Based on eleven two-task combinations, we select four multitask combinations to evaluate the influence of different modalities. As shown in Supplementary Table 29, there is only one different task in context compositions. For example, PairDistance–SimCon is turned into PairDistance–EdgeMask–SimCon by adding SimReg. In addition, the pool of combination strategies keep diversity criterions, that is, each task is combined at least five times. We therefore select fifteen kinds of task combinations to guaranteed reliability.

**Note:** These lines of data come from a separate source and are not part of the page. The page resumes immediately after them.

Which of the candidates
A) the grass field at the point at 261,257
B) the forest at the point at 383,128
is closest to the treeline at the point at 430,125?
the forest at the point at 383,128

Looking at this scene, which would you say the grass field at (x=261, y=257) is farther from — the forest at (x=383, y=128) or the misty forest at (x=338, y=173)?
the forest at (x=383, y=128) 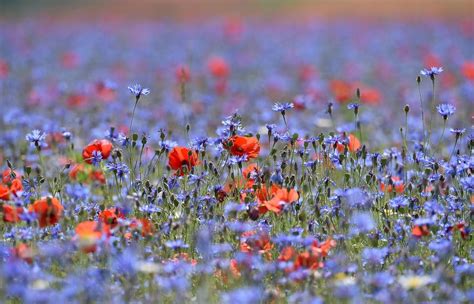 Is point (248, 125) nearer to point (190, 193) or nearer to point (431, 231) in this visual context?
point (190, 193)

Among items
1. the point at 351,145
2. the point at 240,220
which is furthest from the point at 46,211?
the point at 351,145

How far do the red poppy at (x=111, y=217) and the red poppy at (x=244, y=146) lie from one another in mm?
632

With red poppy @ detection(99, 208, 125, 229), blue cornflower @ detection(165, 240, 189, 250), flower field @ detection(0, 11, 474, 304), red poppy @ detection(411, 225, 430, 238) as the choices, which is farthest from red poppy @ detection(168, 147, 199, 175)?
red poppy @ detection(411, 225, 430, 238)

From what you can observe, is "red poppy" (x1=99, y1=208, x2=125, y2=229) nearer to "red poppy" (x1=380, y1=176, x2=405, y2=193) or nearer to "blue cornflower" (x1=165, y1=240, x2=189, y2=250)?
"blue cornflower" (x1=165, y1=240, x2=189, y2=250)

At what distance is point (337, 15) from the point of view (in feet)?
68.2

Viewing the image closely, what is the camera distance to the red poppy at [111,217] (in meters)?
3.76

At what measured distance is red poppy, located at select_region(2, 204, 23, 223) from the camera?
11.9ft

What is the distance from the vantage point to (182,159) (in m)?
4.17

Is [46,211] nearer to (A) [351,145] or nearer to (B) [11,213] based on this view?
(B) [11,213]

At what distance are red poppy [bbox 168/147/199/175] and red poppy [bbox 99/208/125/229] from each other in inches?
15.9

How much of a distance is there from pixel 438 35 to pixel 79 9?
44.3ft

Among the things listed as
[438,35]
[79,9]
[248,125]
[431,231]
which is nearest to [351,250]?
[431,231]

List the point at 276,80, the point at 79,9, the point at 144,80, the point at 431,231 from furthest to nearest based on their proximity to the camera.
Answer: the point at 79,9 → the point at 144,80 → the point at 276,80 → the point at 431,231

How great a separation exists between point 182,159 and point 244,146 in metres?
0.30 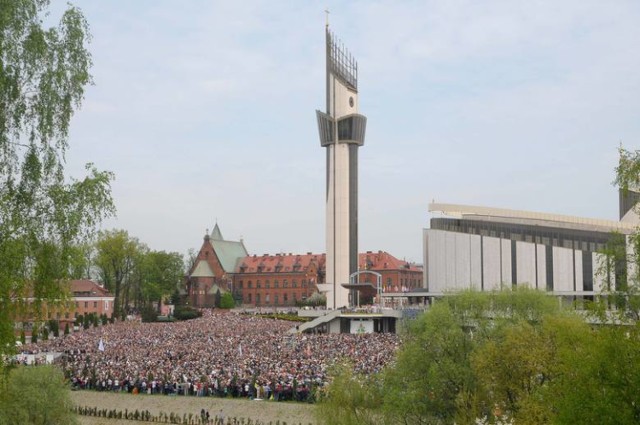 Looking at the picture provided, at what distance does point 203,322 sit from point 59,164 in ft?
202

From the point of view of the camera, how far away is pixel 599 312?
1683 cm

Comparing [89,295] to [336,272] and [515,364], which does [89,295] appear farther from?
[515,364]

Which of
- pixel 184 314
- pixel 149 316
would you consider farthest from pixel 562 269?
pixel 149 316

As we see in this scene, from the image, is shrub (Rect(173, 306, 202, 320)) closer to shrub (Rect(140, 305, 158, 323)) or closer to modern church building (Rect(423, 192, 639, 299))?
shrub (Rect(140, 305, 158, 323))

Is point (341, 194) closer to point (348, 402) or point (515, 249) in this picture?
point (515, 249)

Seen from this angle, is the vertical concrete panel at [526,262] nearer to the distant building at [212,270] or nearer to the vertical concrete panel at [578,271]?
the vertical concrete panel at [578,271]

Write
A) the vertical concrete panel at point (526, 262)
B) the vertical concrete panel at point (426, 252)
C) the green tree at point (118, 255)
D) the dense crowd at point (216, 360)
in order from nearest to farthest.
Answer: the dense crowd at point (216, 360) < the vertical concrete panel at point (526, 262) < the vertical concrete panel at point (426, 252) < the green tree at point (118, 255)

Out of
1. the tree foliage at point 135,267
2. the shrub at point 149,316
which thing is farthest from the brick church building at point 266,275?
the shrub at point 149,316

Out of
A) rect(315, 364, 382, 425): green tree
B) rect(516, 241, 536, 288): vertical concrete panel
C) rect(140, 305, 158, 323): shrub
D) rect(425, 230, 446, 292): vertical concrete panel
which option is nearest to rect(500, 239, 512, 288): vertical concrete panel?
rect(516, 241, 536, 288): vertical concrete panel

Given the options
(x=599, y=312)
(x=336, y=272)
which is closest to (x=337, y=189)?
(x=336, y=272)

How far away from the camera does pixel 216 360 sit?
1944 inches

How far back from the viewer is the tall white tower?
89.1 meters

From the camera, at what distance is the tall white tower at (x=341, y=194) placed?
8912 centimetres

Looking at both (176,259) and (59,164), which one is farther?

Drug discovery predictions under different scenarios

In this study we focus on the performance of various SSL tasks on DDI and DTI predictions, as they are key stages and play important roles in various applications of drug discovery. Simultaneously, DDI and DTI predictions are treated as link predictions in homogeneous and heterogeneous networks, respectively. Therefore, DDI and DTI predictions can systematically demonstrate the performance of various kinds of SSL tasks and combination strategies. According to the guidance of KGE_NFM5, we design the following two experimental scenarios. Warm-start predictions: given a set of drugs and their known DTIs, we aim to predict other potential interactions between these drugs. All the known interactions are positive samples, and an equal number of negative samples are randomly selected from the unknown interactions. The positive and negative samples are split into a training set (90%) and a testing set (10%). In this situation, the training set may include drugs and targets contained in the test set. The same experimental setting as DTI predictions are used for DDI predictions. In this experimental scenarios, we compare the differences among various SSL tasks for DDI and DTI predictions, and draw a conclusion on which combination strategies can generate the best performance. Cold start for drugs: in real drug discovery, it is more important and challenging to predict potential targets and drugs that may interact with newly discovered chemical compounds. In other words, the test set contains drugs that are unseen in the training set. To be specific, we randomly select 5% drugs, and then all DTI and DDI pairs associated with these drugs are treated as test set. This scenario aims to validate the conclusions that are found in the warm-start predictions. We use the AUPR and AUROC curves as the evaluation metrics for drug discovery. To reduce the data bias and uncertain disturbance, each model is executed ten times, and the average performance is computed. The hyperparameter selections can be found in Supplementary Section 15.